日本一“熱い街”熊谷の社長日記

組織論の立場から企業の“あるべき”と“やってはいけない”を考える企業アナリスト~大関暁夫の言いっぱなしダイアリー~

ブックレビュー~「コンサルタントの勉強法」

2010-01-05 | ブックレビュー
新年早々、あまり書きたいネタがないので、昨年末読んだ本のレビューをしておきます。

★「コンサルタントの勉強法/野口吉昭(PHP研究所1,000円)」

我が敬愛するコンサルタント野口吉昭氏の新作です。ベストセラー「コンサルタントの質問力」の後に「コンサルタントの習慣術」「考え書き話す3つの魔法」が出て、翻訳本をはさんで前作が「コンサルタントの解答力」、とまぁ昨年はかなり中身の濃い“能力開発”本を立て続けに出版して、大活躍の同氏の昨年のしめくくりは「勉強法」というわけです。これまでPHP新書から出ていた「コンサルタントの…」シリーズかと思いきや、装丁も新書サイズよりもやや大きく、価格もやや高く、中身はというとやや若向き?でしょうか。なんとなく「レバレッジ・シリーズ」の本田直之氏の若者向け近作に似た“嫌な予感”を少し感じつつ本書を手にしました。

結論から申し上げますと、テーマが「勉強法」であるだけに中身は確かに濃いものではありませんが、しっかりと野口イズムが根底に流れており「もしや」の心配は杞憂に終わりました。よかったです。野口氏お得意のコンサルタント的「3つの論理展開」で今回もテーマに明快に切り込んでいます。今回の「3つの論理」は、「点の情報」「線の情報」「面の情報」という切り分けで「情報」を分類し、「面の情報」の吸収に力を注げというものです。「点の情報」の代表例は新聞、「線の情報」は雑誌であり、「面の情報」は書籍であると。同感の極みです。蛇足ですが、ネット情報もまさに「点」と「線」の情報のみ。「面」の情報を持つ者が利用するなら「点の情報」「線の情報」も役に立つのですが、「面の情報」を持たない者にとって「点の情報」「線の情報」は、「点」のまま「線」のままに終わってしまうわけです。

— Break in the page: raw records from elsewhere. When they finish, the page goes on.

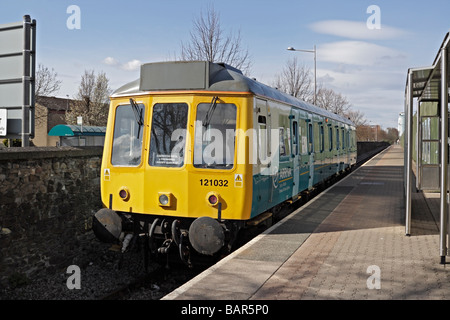 Treno pendolare a carrozza singola che serve la diramazione della stazione ferroviaria di Cardiff Bay servizio passeggeri, trasporto urbano del Galles UK, DMU Bubble Car Foto Stock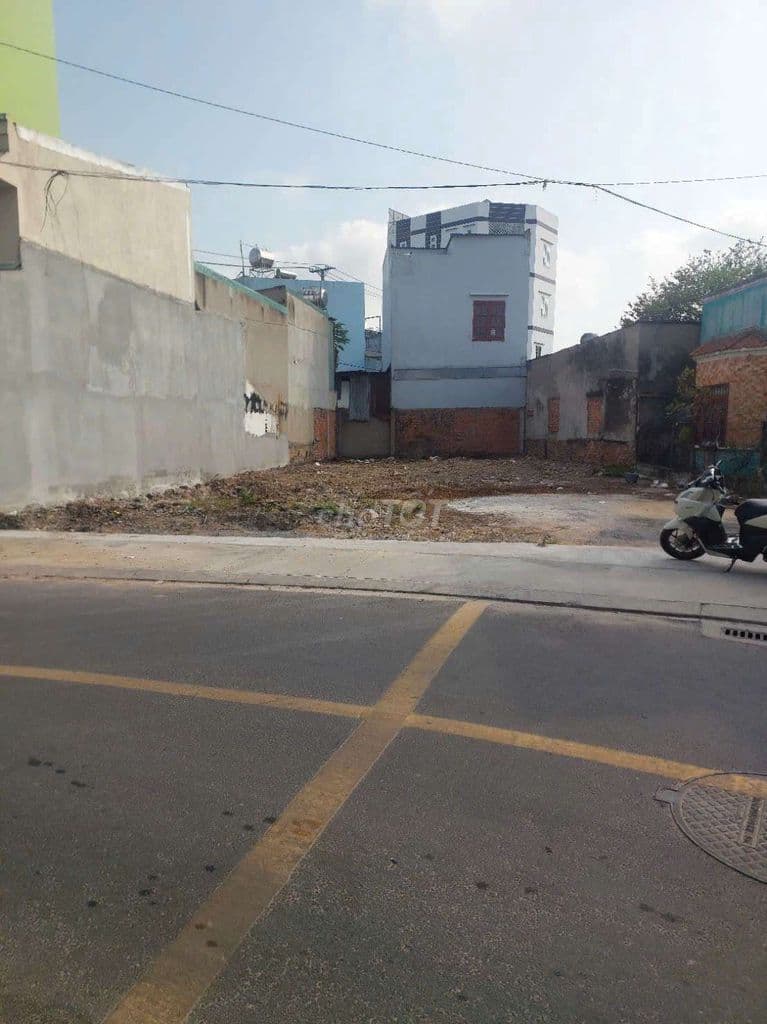 Đất bán mặt tiền TTT16Biss nhựa rộng 10m dt 5,5x19,Hôc môn,hcm ,4ty5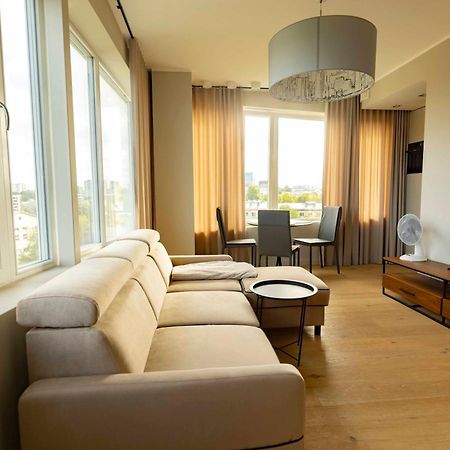 Beautiful Apartment Next To The Kalev Stadium Tallinn Buitenkant foto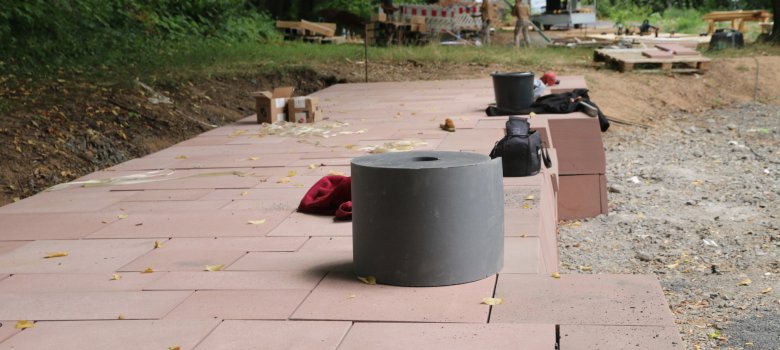 Foto der Quader, die einmal die Sitzterrasse ergeben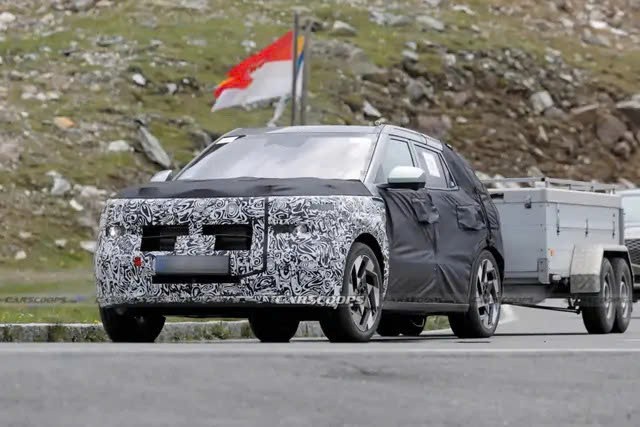 Hyundai Kona thế hệ mới vuông vức như xe địa hình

さらにもう一点ポイントは、「フレームワーク思考」で「情報」を「知識」に変え、さらに「コンセプト思考」「ゼロベース思考」で「知識」を「認識」や「見識」に高めることこそ究極の勉強法であるとあり、まさにまさに私あたりが日常的に心がけていることを実にうまい表現でまとめてくれています。納得、納得です。ただ、「面の情報」の重要性やこの「情報」を高めていくくだりに関して言えば、経験の浅い若い読者にはちょっと難しいように思います。少なくとも若い人は、野口氏の他の著作(「コンサルタントの解答力」「考え書き話す3つの魔法」あたり?)をよく読んでからでないと、すんなりは入っていけない嫌いがあるかもしれません。その意味では、野口氏の「勉強法」は実は経営者や管理者を対象とした「勉強法」なのかもしれないと感じさせられました。また、彼が「面」づくりに役立つ書籍164冊を本書内で一覧表示してくれてもいます。これまた我が家の書棚にもある本ばかりなのですが、これだけでも「勉強のための本選び」の基準を知る上でけっこう参考になると思います。

テーマが軽いので中身に乏しいようにも感じますが、野口氏としては標準レベルの著作であると思います。実に簡単に読み終わりますので、難しい本の合間の息抜きにいかがでしょうか。10点満点で8点。

ところでところで余談ですが…
“レバレッジ”本田直之氏がまた変な本を出してます。イラストレーターのしりあがり寿氏との共著「本田流 しりあがり的 額に汗する幸福論」なる本がそれです。見開きページで、片面は彼なりの「ライフスタイルの美学」を説いて、もう片面で寿氏がそれを4コマ漫画にするという、もういい加減お付き合いできません状態の“おバカノリ自己啓発本”です。前作の“勘違い自己啓発小説”に続いてかなり“寒い”出来です。本田さん、ホントどうしちゃったの?って感じですね。当然、私は立ち読みのみなのでレビューしませんが…。